Superior Court of New Jersey, Appellate Division
Sep 5, 2023
No. A-3646-21 (App. Div. Sep. 5, 2023)

Opinion

A-3646-21

09-05-2023

CARMEN CORDERO, Plaintiff-Appellant, v. NEW JERSEY TRANSIT RAIL OPERATIONS, INC., Defendant-Respondent.

P. Matthew Darby (Darby Law Group) of the Maryland and Pennsylvania bars, admitted pro hac vice, argued the cause for appellant (Zarwin Baum DeVito Kaplan Schaer Toddy, PC, and P. Matthew Darby, attorneys; Theodore M. Schaer and P. Matthew Darby, on the brief). Thomas C. Hart argued the cause for respondent (Ruprecht Hart Ricciardulli & Sherman, LLP, attorneys; Thomas C. Hart, Richard M. Forzani, and Andrew C. Smedberg, on the brief).


This opinion shall not "constitute precedent or be binding upon any court." Although it is posted on the internet, this opinion is binding only on the parties in the case and its use in other cases is limited. R. 1:36-3.

Argued July 10, 2023

On appeal from the Superior Court of New Jersey, Law Division, Essex County, Docket No. L-1960-19.

P. Matthew Darby (Darby Law Group) of the Maryland and Pennsylvania bars, admitted pro hac vice, argued the cause for appellant (Zarwin Baum DeVito Kaplan Schaer Toddy, PC, and P. Matthew Darby, attorneys; Theodore M. Schaer and P. Matthew Darby, on the brief).

Thomas C. Hart argued the cause for respondent (Ruprecht Hart Ricciardulli & Sherman, LLP,

attorneys; Thomas C. Hart, Richard M. Forzani, and Andrew C. Smedberg, on the brief).

Before Judges Haas and Natali.

PER CURIAM.

Plaintiff Carmen Cordero appeals from the Law Division's June 24, 2022 order granting summary judgment to defendant New Jersey Transit Rail Operations, Inc., and dismissing his complaint for damages under the Federal Employers' Liability Act, 45 U.S.C. §§ 51-60. We affirm.

I.

We briefly summarize the facts from the summary judgment record, viewing them in a light most favorable to plaintiff. Brill v. Guardian Life Ins. Co. of Am., 142 N.J. 520, 540 (1995). Plaintiff has worked for defendant since 2003. Initially hired as a repair person, he transferred to the Building and Bridges Department in 2019 where he worked as a mechanic. In August 2016, plaintiff was driving a mobile field work truck to transport an oxygen cylinder and miscellaneous parts from defendant's Woodbridge facility to its Raritan location. The truck was equipped with a sliding door, which opened from the driver to the passenger side, and that separated the cab from the rear section of the truck area.

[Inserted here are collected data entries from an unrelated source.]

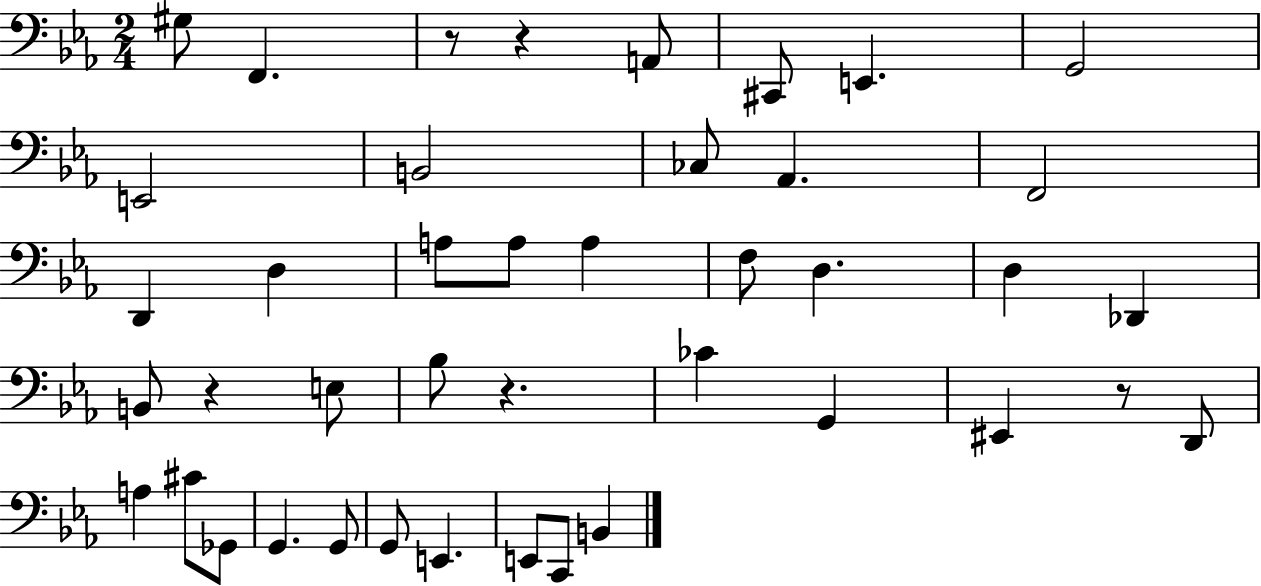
{
  \clef bass
  \numericTimeSignature
  \time 2/4
  \key ees \major
  gis8 f,4. | r8 r4 a,8 | cis,8 e,4. | g,2 | \break e,2 | b,2 | ces8 aes,4. | f,2 | \break d,4 d4 | a8 a8 a4 | f8 d4. | d4 des,4 | \break b,8 r4 e8 | bes8 r4. | ces'4 g,4 | eis,4 r8 d,8 | \break a4 cis'8 ges,8 | g,4. g,8 | g,8 e,4. | e,8 c,8 b,4 | \break \bar "|."
}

Although the truck had designated compartments for the storage of oxygen cylinders, plaintiff did not place the oxygen container in those areas because 1) he believed the compartments were filled with other tanks, and 2) the doors which secured the tanks were extremely difficult to open and close due to a purported defect in the locking mechanisms. As a result, plaintiff placed the oxygen cylinder and miscellaneous parts in the rear area of the truck and attempted to secure them with a large battery.

While driving to the Raritan location, plaintiff heard a noise in the rear compartment. Believing the oxygen cylinder might have become unsecured, he attempted to open the interior sliding door at a red light but found it difficult to close. While the truck was in drive, he attempted to close the door but it became "unjammed," and the momentum of the door wrenched his arm in a backward and upward motion resulting in a tear to the rotator cuff in his right shoulder.

Defendant moved for summary judgment and contended the record failed to create a genuine and material question of fact to establish: 1) any negligence on its part, 2) a defect in the sliding door, and 3) his injuries were reasonably foreseeable. In support, defendant relied on plaintiff's failure to provide expert proofs regarding any defect in the sliding door; the deposition of Herman Van DePutte, an assistant supervisor in defendant's department, who testified to the absence of any prior complaints with respect to the door; and monthly maintenance reports which similarly revealed no issues with the sliding door.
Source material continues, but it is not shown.